Re: Performance Improvement by reducing WAL for Update Operation

From: Amit Kapila <amit(dot)kapila16(at)gmail(dot)com>
To: Robert Haas <robertmhaas(at)gmail(dot)com>
Cc: Greg Smith <greg(at)2ndquadrant(dot)com>, Hari Babu <haribabu(dot)kommi(at)huawei(dot)com>, Mike Blackwell <mike(dot)blackwell(at)rrd(dot)com>, "pgsql-hackers(at)postgresql(dot)org" <pgsql-hackers(at)postgresql(dot)org>
Subject: Re: Performance Improvement by reducing WAL for Update Operation
Date: 2013-12-05 15:45:47
Message-ID: CAA4eK1JeUbY16uwrDA2TaBkk+rLRL3Giyyqy1mVh_6CThmDR8w@mail.gmail.com
Views: Raw Message | Whole Thread | Download mbox | Resend email
Thread:
Lists: pgsql-hackers

On Fri, Nov 29, 2013 at 3:05 AM, Robert Haas <robertmhaas(at)gmail(dot)com> wrote:
> On Wed, Nov 27, 2013 at 9:31 AM, Amit Kapila <amit(dot)kapila16(at)gmail(dot)com> wrote:
>> Sure, but to explore (a), the scope is bit bigger.
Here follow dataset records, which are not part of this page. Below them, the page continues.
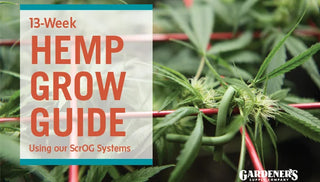 Growing Hemp Indoors with a ScrOG Growing System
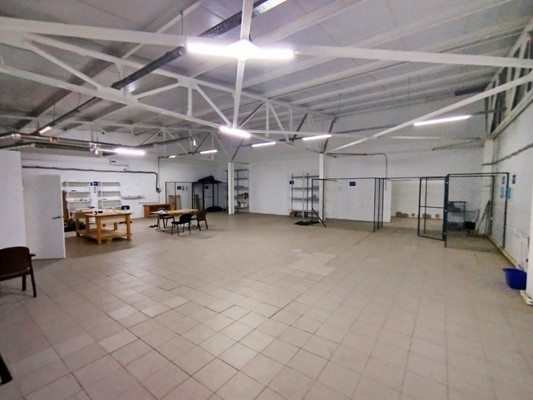 Фото: Свободного назначения 250+ м2 test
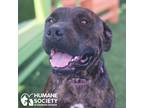Adopt SIENNA a Brindle Staffordshire Bull Terrier / Mixed dog in Tucson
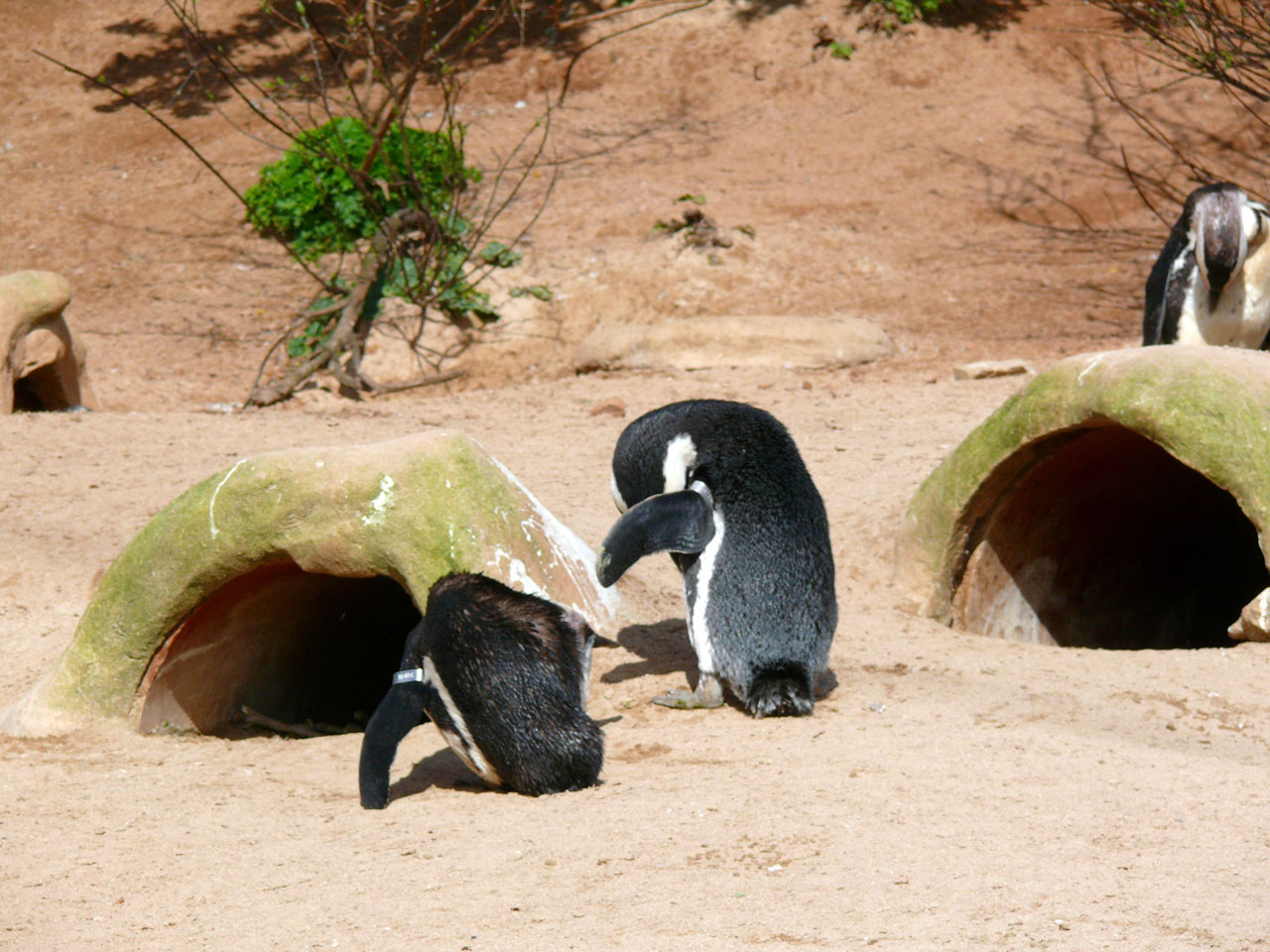 penguin zoo animal free photo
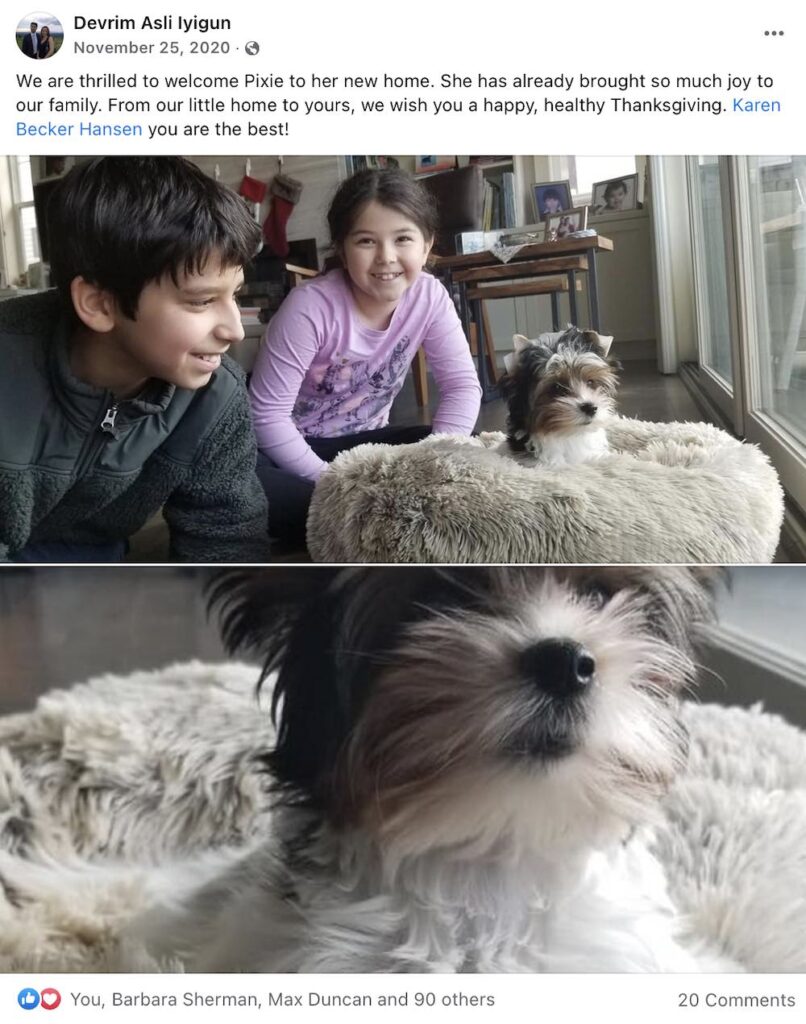 Biewer Terrier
We have below
>> options to explore (a):
>> 1. try to optimize existing algorithm as used in patch, which we have
>> tried but ofcourse we can spend some more time to see if anything more
>> can be tried out.
>> 2. try fingerprint technique as suggested by you above.
>> 3. try some other standard methods like vcdiff, lz4 etc.
>
> Well, obviously, I'm hot on idea #2 and think that would be worth
> spending some time on. If we can optimize the algorithm used in the
> patch some more (option #1), that would be fine, too, but the code
> looks pretty tight to me, so I'm not sure how successful that's likely
> to be. But if you have an idea, sure.

I have been experimenting chunk wise delta encoding (by using
technique similar to rabin fingerprint method) from last few days and
here are results of my investigation.

Performance Data
----------------------------
Non-default settings:
autovacuum =off
checkpoint_segments =128
checkpoint_timeout = 10min

unpatched

testname | wal_generated |
duration
-----------------------------------------+---------------+------------------
one short and one long field, no change | 1054921328 | 25.5855557918549
hundred tiny fields, all changed | 634483328 | 20.8992719650269
hundred tiny fields, half changed | 635948640 | 19.8670389652252
hundred tiny fields, half nulled | 571388552 |
18.9413228034973

lz-delta-encoding

testname | wal_generated | duration
-----------------------------------------+---------------+------------------
one short and one long field, no change | 662984384 | 21.7335519790649
hundred tiny fields, all changed | 633944320 | 24.1207830905914
hundred tiny fields, half changed | 633944344 | 24.4657719135284
hundred tiny fields, half nulled | 492200208 |
22.0337791442871

rabin-delta-encoding

testname | wal_generated | duration
-----------------------------------------+---------------+------------------
one short and one long field, no change | 662235752 | 20.1823079586029
hundred tiny fields, all changed | 633950080 | 22.0473308563232
hundred tiny fields, half changed | 633950880 | 21.8351459503174
hundred tiny fields, half nulled | 508943072 |
20.9554698467255

Results Summarization
-------------------------------------
1. With Chunkwise approach, WAL reduction is almost same as with LZ
barring half nulled case which can be improved.
2. With Chunkwise approach, CPU usage is reduced to 50% in most cases
where there is less or no compression,
still there is 5~10% overhead for cases where data is not
compressible. I think there will certainly a small
overhead of forming hash table and scanning to conclude data is
non-compressible.
3. I have not tested other tests which will anyway return from top of
encoding function due to tuple length less than 32.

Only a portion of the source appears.